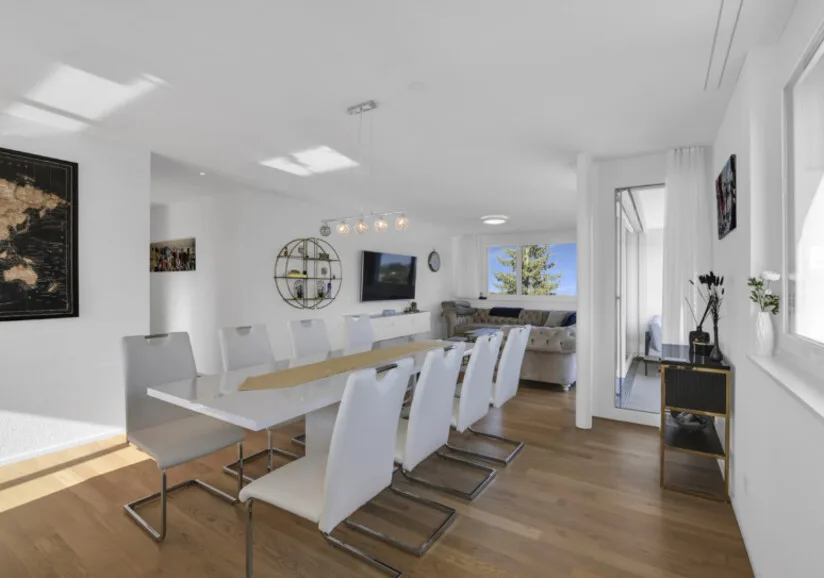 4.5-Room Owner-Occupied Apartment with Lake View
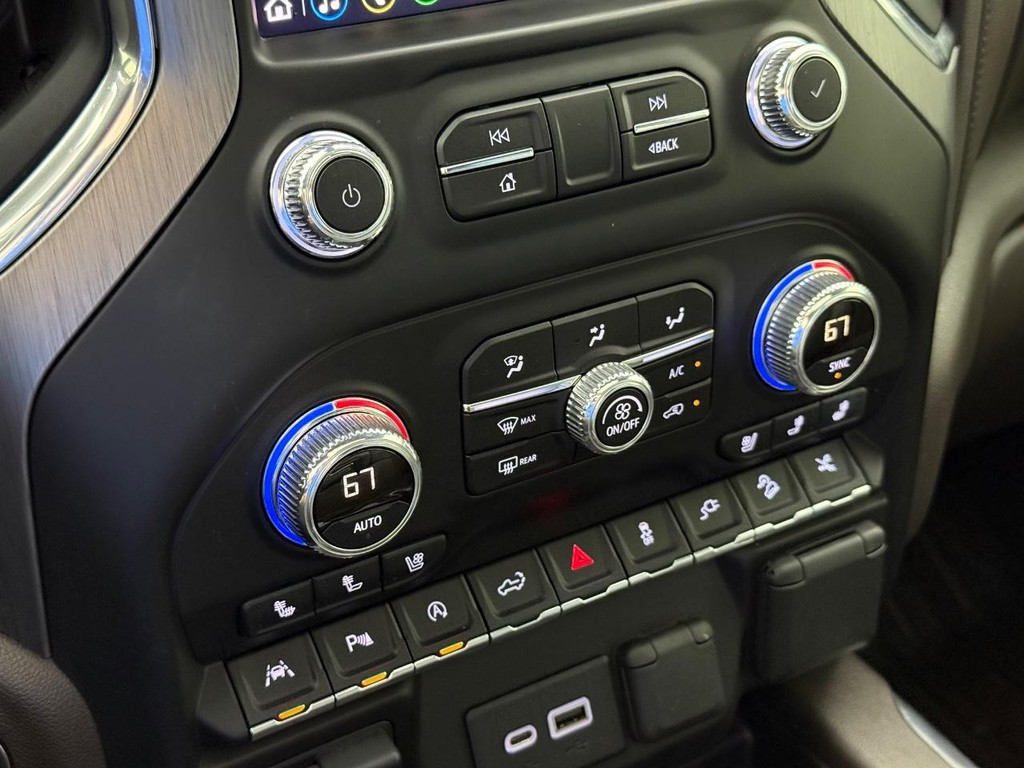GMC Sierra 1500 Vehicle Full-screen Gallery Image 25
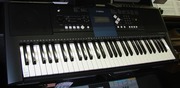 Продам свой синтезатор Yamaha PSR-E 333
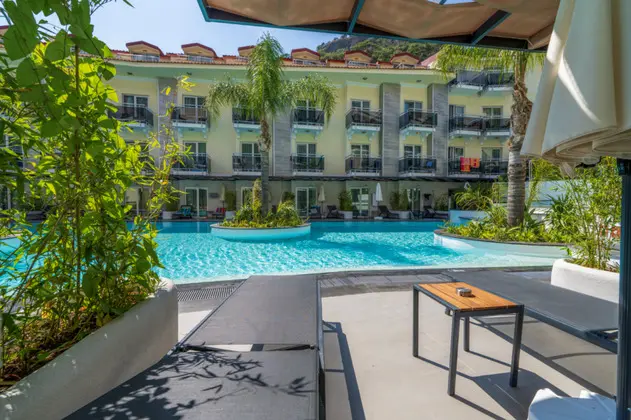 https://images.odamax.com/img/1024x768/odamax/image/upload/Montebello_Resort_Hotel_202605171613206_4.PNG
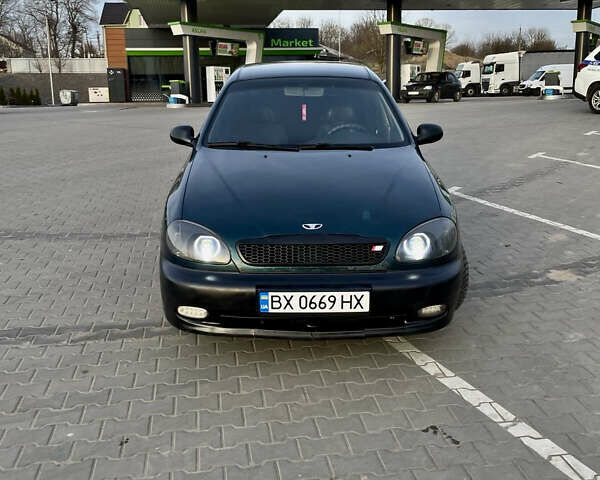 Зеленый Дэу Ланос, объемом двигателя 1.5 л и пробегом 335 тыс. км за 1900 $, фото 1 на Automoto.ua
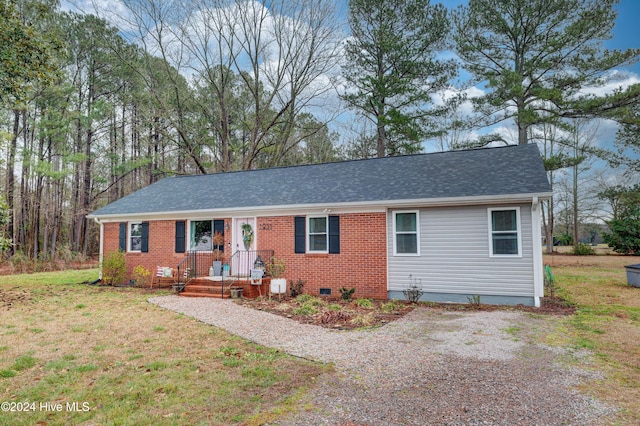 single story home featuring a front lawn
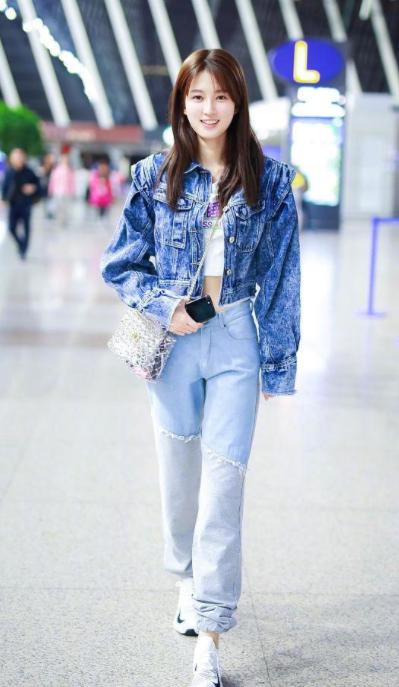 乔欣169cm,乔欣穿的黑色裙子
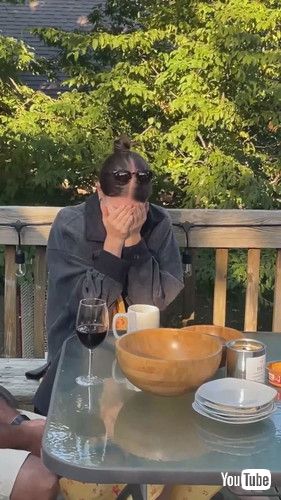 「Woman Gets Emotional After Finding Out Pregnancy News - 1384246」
==
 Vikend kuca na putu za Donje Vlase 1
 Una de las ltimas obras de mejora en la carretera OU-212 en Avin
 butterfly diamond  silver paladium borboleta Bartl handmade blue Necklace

**YOUR INSTRUCTIONS:**
Above are records with pictures. Reproduce exactly only the lines from the line with "Зеленый Дэу Ланос, объемом" through the line with "News - 1384246」", both ends included, and leave the pictures out.

**YOUR RESPONSE:**
 Зеленый Дэу Ланос, объемом двигателя 1.5 л и пробегом 335 тыс. км за 1900 $, фото 1 на Automoto.ua
 single story home featuring a front lawn
 乔欣169cm,乔欣穿的黑色裙子
 「Woman Gets Emotional After Finding Out Pregnancy News - 1384246」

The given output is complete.